The Shanghai International Energy Exchange (INE) is becoming increasingly popular among the world's largest oil exchanges and on a par with the New York and London stock exchanges, RISS expert Vyacheslav Kholodkov said. "All Chinese traders and large oil companies have moved to the Shanghai stock exchange. Now it has more than 400 Chinese and foreign participants. They carry out test oil futures transactions in Shanghai, but are planning to start full-scale trade," he pointed out.

RISS expert foretells that the new oil exchange will continue to grow steadily. He explained that his forecast is primarily based on China's crude oil imports data. The volume of China's GDP (second place in the world after the USA) and its growth rates provide an increasing growth in oil demand. Secondly, the US-China trade war and US sanctions against major oil-producing countries are also helping the Shanghai oil exchange to develop. "In an effort to avoid American control, which is carried out through dollar settlement, these countries will move to the Shanghai stock exchange with trading available in yuan," he said.

V.Kholodkov also drew attention to the fact that not only Iran, but also other countries are seeking to shift to yuan-denominated oil trading. He underscored that the position of the Gulf monarchies has an important significance in the "black gold" trading on the Shanghai stock exchange. First of all, it is Saudi Arabia, which is the world's leading oil exporter. "Riyadh's resistance has caused a decrease in China's oil imports from Saudi Arabia. Beijing apparently expects softening of Saudi Arabia's position in connection with the Khashoggi incident. In its turn, the Saudis are planning to become the largest oil supplier to China in 2019 by signing agreements with five major Chinese companies," he explained.

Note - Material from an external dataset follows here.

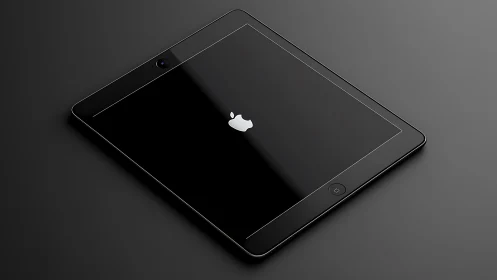 Black iPad tablet displaying Apple logo on dark background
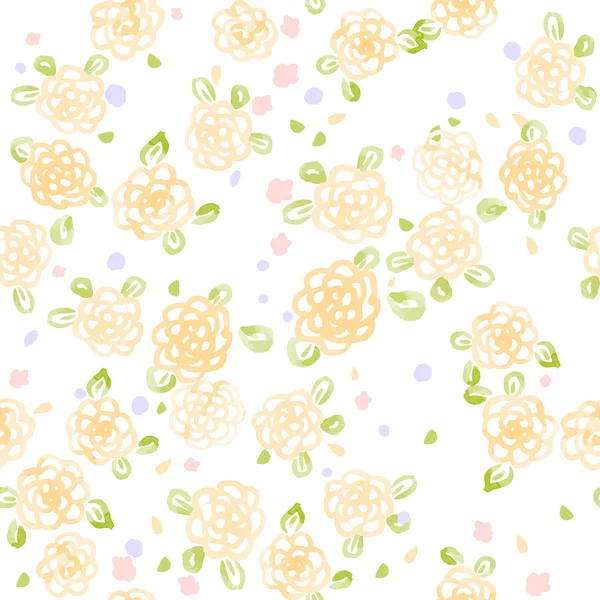 Flores amarillas sobre fondo blanco — Vector de stock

According to expert, Russia and China are strategic partners with similar approaches to problem-solving. Russia has been subject to US sanctions and Chinese goods have been subject to US increased duties. "The main task for both countries now is countering American pressure, in particular, the rejection of the dollar and payments in national currencies. The gradual shift to yuan-denominated oil trading will shake the petrodollar system, as well as the US dominance in the world financial and other markets," the analyst concluded.